Уезжал Маяковский в свой первый вояж, радостно одержимый ожиданием встреч и впечатлений, а вслед ему неслось улюлюканье газет во главе с «Правдой». Центральный орган большевиков еще 8 сентября 1921 года открыл кампанию вовсе не литературного свойства, а политического освистывания поэта статьей заведующего партийным Агитпропом Л. Сосновского «Довольно “маяковщины”».

«Видели ли вы на Тверской, – вопрошала газета, – в окне “Роста” выставляющиеся раньше цветные, размалеванные, якобы революционные плакаты?
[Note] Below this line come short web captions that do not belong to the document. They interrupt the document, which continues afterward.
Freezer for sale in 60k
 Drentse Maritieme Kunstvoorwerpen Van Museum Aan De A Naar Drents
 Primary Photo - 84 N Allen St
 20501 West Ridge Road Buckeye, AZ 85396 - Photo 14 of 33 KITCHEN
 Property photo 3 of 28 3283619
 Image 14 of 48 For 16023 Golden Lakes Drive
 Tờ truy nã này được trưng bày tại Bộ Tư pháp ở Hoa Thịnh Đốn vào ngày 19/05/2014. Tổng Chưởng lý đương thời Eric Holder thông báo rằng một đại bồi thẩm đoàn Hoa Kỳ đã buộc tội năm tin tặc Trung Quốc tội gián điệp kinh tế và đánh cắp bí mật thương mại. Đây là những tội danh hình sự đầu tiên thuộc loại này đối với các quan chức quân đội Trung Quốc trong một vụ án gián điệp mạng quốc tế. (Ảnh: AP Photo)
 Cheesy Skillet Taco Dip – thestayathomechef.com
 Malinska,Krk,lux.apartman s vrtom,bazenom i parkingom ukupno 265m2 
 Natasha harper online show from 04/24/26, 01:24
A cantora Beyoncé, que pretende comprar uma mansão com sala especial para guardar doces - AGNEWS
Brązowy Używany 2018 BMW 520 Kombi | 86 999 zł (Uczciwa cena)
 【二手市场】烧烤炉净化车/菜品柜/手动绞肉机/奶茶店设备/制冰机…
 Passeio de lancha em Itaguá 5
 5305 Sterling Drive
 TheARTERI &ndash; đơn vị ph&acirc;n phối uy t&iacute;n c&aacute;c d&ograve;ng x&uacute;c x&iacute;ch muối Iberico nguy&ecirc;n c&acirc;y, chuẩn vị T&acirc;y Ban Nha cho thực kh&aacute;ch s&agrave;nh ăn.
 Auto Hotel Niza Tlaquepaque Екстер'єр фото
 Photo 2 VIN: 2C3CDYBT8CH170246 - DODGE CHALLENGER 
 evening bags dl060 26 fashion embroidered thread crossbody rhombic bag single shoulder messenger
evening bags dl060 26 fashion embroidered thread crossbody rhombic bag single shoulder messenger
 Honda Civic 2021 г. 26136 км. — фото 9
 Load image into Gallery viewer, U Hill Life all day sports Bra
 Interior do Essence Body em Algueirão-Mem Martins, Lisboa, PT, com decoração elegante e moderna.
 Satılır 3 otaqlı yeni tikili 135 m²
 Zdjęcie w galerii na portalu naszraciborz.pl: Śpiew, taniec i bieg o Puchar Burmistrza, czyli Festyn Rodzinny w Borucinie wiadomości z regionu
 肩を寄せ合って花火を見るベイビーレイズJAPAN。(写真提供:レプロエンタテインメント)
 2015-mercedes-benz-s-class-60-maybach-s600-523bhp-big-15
Теперь их, к счастью, нет. Но раньше они оскорбляли глаз круглосуточно. Кому они доставляли удовольствие?

Гг. футуристам. Ибо они получают за них фантастические гонорары. Раз-два кистью – и готова картина. По такому-то параграфу заплатить художнику с дюйма…

Прибавлена к нелепому рисунку пара нелепых строк якобы стихов…

Заразилась и провинция. Нашлись и там ловкачи, подражатели Маяковского, великовозрастные остолопы, не умеющие рисовать и не желающие этому делу учиться, но желающие “жрррать” по самому высокому тарифу…»

А страна читала, разглядывала и дивилась совсем непривычным: рифмованным, да с картинками, рекламным смешным зазываньям, которые тотчас будут тысячеусто повторены и Москвой, и повсеместно: «Нигде кроме, как в Моссельпроме», «Нет места сомненью и думе: всё для женщины только в ГУМе»; «Лучших сосок не было и нет. Готов сосать до старых лет»…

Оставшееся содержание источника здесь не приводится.